When we asked Volunteering ACT how they might deal with a 20 per cent cut in their overall budget, I think the answer was: "Well, in desperation we would only answer four calls in five."This is not the way to build and grow our community. This is not how you have a civil society. We have money in the budget for spin doctors but we have taken money out of the budget for volunteering.

There are other issues in this budget, Mr Speaker. Ms Tucker talked today about the lack of commitment from this government to the SACS award. But really the issue that I want to deal with is the state of accommodation occupied by volunteer organisations. Across town people in the community sector are housed in old schools, old halls and abandoned offices of a sort that members of this place, ACT public servants and people in the private sector would not deign to occupy because they are cold and draughty, they leak, they are unsafe, the electricals are not great and there are computer cords running all over the place. There is a paltry $400,000 in the budget this year for the upgrading of those facilities.

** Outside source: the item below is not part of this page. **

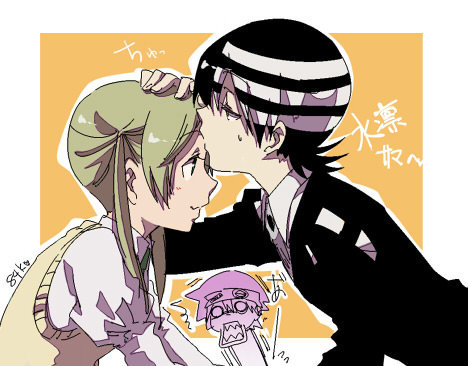 maka albarn, soul evans, and death the kid (soul eater) drawn by shuri_(84k)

But when you go through the budget department by department, there is a million dollars here and a million dollars there for the upgrading of public service accommodation. Public servants should be working in good accommodation. However, we pay the community sector a paltry amount to do so much of the work that governments cannot afford to do, will not do, find too difficult to do or are not set up to do and then we expect them to work under substandard conditions as well. This is a disgrace.

This issue has been brought to the attention of the Estimates Committee and there is next to nothing in the budget to address it. This is why we really should be looking at the priorities in the Chief Minister's Department. It is why I support the amendment moved by the Leader of the Opposition in relation to the spin doctors, or should I say the "enhanced whole of government communications strategy". Instead of enhancing the way that these people sell their story, they should be out there providing services to the community. The $250,000 this year and the $1.1 million dollars over the next four years would be better off spent in the community where it would reap benefits to the people of the ACT rather than having them brainwashed by the spin of this government.

MR QUINLAN

(Treasurer, Minister for Economic Development, Business and Tourism and Minister for Sport, Racing and Gaming) (4.05): Mr Speaker, I want to say only a couple of words in relation to this line in general. I have to say that, bearing in mind the record of the previous government on the subject of the SACS award, I am amazed at Mrs Dunne's reference to the community sector. But still, I guess if you can reinvent history like Mr Stefaniak did earlier, anything is possible.

The one thing I do want to tentatively refer to is Volunteering ACT. I stand here as a former director of Volunteering ACT, as a former chairman of the finance committee, as someone who in fact organised the upgrade of their record keeping, arranged for a free suite of software and set up their systems. I know they do a worthy job. I know Mary Porter very well and her husband, Ian De Landelles-I have known them for many years. I understand that Ian is now working for the volunteer centre as well.